La maestra non mi è piaciuta subito. Al nostro primo incontro ha detto bruscamente:
— Ragazzo! Qui i bambini salutano quando arrivano. Entrano da soli in sezione. Non salutiamo la mamma. Se piangi, sarà durante il gioco all’aperto. Capito?
Avrei voluto rispondere: «Parli spesso così con i quattroenne?» ma sono rimasta in silenzio. Ho pensato che fosse solo severità.
Sono passati alcuni giorni. E mio figlio è cambiato. Ha smesso di parlare. Non cantava più le sue canzoncine preferite. I suoi disegni — un tempo vivaci e solari — sono diventati cupi.
Ogni sera usciva dall’asilo in silenzio. Non correva da me, non si lamentava, non faceva capricci. Mi prendeva semplicemente per mano — e basta.
Così ho deciso di scoprire la verità.

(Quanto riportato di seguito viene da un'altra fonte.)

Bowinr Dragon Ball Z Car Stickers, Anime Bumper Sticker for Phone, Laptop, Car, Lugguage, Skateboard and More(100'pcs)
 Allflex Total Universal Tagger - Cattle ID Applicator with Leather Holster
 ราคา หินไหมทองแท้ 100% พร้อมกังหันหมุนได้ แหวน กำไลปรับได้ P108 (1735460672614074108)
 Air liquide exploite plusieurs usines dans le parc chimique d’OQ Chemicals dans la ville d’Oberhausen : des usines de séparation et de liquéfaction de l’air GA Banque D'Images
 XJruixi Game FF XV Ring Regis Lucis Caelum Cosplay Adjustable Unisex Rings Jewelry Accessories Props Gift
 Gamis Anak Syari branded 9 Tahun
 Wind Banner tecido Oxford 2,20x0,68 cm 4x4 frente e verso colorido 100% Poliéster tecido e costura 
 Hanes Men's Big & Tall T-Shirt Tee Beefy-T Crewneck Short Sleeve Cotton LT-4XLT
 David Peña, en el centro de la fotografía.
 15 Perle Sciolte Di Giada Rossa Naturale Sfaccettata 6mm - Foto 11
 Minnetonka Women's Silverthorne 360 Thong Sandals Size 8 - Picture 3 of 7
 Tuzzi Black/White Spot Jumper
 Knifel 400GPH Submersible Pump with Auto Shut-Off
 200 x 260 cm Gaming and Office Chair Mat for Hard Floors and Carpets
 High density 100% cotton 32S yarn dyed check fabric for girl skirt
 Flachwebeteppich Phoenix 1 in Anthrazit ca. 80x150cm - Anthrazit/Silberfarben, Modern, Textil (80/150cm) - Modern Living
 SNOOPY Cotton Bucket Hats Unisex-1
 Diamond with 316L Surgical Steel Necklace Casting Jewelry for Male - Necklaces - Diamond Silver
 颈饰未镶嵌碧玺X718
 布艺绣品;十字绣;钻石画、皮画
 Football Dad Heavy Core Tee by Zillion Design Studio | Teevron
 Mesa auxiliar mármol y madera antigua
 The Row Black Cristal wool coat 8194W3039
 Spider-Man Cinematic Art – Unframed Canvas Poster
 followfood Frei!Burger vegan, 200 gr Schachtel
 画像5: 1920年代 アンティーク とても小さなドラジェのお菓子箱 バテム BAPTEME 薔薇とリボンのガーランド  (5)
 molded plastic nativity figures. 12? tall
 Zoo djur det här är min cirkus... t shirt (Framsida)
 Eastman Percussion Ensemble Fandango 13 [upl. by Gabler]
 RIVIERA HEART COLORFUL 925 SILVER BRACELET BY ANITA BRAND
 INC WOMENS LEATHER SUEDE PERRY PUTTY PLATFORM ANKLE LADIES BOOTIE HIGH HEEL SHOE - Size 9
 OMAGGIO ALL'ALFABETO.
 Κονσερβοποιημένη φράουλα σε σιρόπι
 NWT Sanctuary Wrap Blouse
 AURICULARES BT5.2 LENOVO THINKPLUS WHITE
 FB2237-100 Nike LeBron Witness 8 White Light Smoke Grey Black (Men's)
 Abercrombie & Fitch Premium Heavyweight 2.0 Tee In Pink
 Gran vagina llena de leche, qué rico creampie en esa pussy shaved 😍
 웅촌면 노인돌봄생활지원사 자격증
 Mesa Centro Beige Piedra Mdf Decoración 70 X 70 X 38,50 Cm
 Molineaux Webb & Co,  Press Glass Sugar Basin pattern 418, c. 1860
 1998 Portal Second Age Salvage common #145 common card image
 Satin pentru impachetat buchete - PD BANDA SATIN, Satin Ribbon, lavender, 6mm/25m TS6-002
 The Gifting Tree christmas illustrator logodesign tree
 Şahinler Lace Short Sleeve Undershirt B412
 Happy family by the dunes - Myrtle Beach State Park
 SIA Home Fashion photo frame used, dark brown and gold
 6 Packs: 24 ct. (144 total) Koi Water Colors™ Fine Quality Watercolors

La mattina, mentre indossava il giubbotto, ho nascosto con cura un registratore nella tasca della sua tuta. E la sera, una volta tornati a casa, l’ho tirato fuori e acceso. Quello che ho sentito mi ha spaventata a morte.

All’inizio si sentivano i rumori di sempre: passi di bambini. Risate. Qualcuno che canta. Poi la voce della maestra:
— Ti ho detto di sederti!
— Non guardarmi così, idiota.
— Di nuovo zitto? Credi che ti coccolerò come una mammina?
(suono netto di un colpo sul tavolo)
— Per cosa?! — la voce sottile di mio figlio.
— Perché non ubbidisci! Ancora una lacrima e andrai in castigo.

Poi — uno schiocco. Quel rumore che ti gela il sangue. Una pausa. Poi un singhiozzo sommesso. E il sussurro di mio figlio:
— Voglio andare a casa…
Le mani mi tremavano. Ma ho ascoltato fino alla fine. La mattina dopo ero già in commissariato. Siamo andati all’asilo insieme agli agenti.
Quando siamo entrati in stanza, la maestra ha tentato di sorridere, ma gli occhi le hanno vacillato quando ha visto il registratore nelle mie mani e l’agente in divisa al mio fianco.

Non ho più portato mio figlio in quell’asilo.